|Date(s):||August 1, 1842|
|Location(s):||CHARLESTON, South Carolina|
|Tag(s):||African-Americans, Arts/Leisure, Church/Religious-Activity, Health/Death, Migration/Transportation, Race-Relations, Slavery, Urban-Life/Boosterism|
|Course:||“Rise And Fall of the Slave South,” University of Virginia|
On a blustery summer day, August 1, 1842, a fishing boat in which five slaves were traveling was swamped and capsized. Because of the nature of the gale that had blown ashore that blustery Charleston day, all five were presumed dead. The slaves were: Jefferson and George, property of Mr. J. Jeannerett, Ned of Mr. Mellichamp, William of Mrs. C. Macbeth, and a slave boy, Issac, of Mrs. Hughes. Although other had occupied a boat a short distance ahead of them, it, too, was in a dangerous situation and could not come to the rescue of the slaves' vessel. The storm that took place that windy August day caused many additional losses. Because the tide rose to an unprecedented height, most of the Charleston's wharves were covered in water. In addition, many streets were submerged on the Western side of the city. Some residents had to be rescued from their homes by boat.
The influence of the weather on the antebellum South was a great one. Many of the city's slave owners chose rice as their main crop. If rice fields, some of which were located in close proximity to the city, became too flooded, then the harvest that year would be abominable. In addition, storms like these sometimes caused some of Charleston's more precious architectural resources to be destroyed. So much of Southern history can be and has been lost in events of Mother Nature. Environmental constraints pressured the inhabitants of a city like Charleston to adapt to different ways of life depending on the natural disaster.

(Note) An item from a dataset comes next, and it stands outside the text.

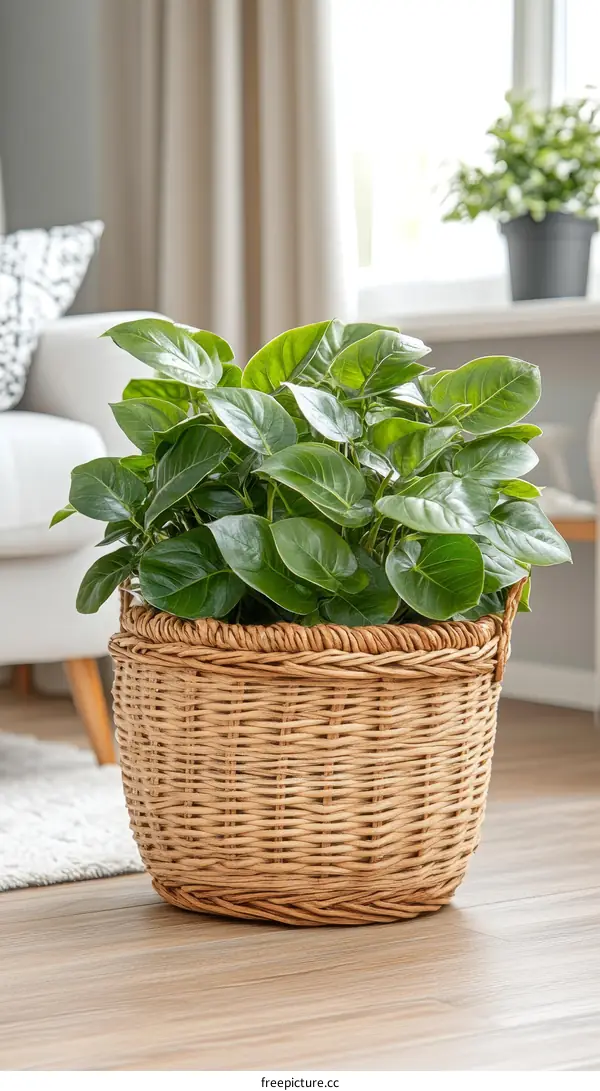 Wicker Basket with Houseplant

Another important issue brought up by this newspaper clipping, which was clipped from a newspaper and placed in the Journal of Charles Heyward, a Charleston resident, concerns the relative freedom that Charleston slaves possessed. Slaves were permitted to be hired out by their owners to others, allowing bondsmen to diversify their skills. Because they could accept earnings for their services, sometimes they were able to buy their freedom. Slaves were also permitted to attend church services with their master. In addition, they were allowed to participate in other leisurely activities, such as fishing, because many did not live on their master's property. Those who did usually lived in separate quarters, so they could come and go with relative ease. Many Charlestonian masters allowed these activities, especially around this time period, in order to appear like benevolent Christian masters in an effort to suppress the idea that slavery was a cruel institution. However, others felt that allowing slaves this much freedom would cause insubordination and deterioration of the institution of slavery, as shown by historian David R. Goldfield. He also contradicts Bernard E. Power's book, Black Charlestonians, by noting that even though some slaves were able to diversify their skills through this freedom, many had skill levels that remained low, even lower than slaves on working rice and cotton plantations. This newspaper article shows that, although the situation of slave freedom ended perilously for the poor men in a boat, slaves in the greater Charleston city area enjoyed many more opportunities than those in other areas.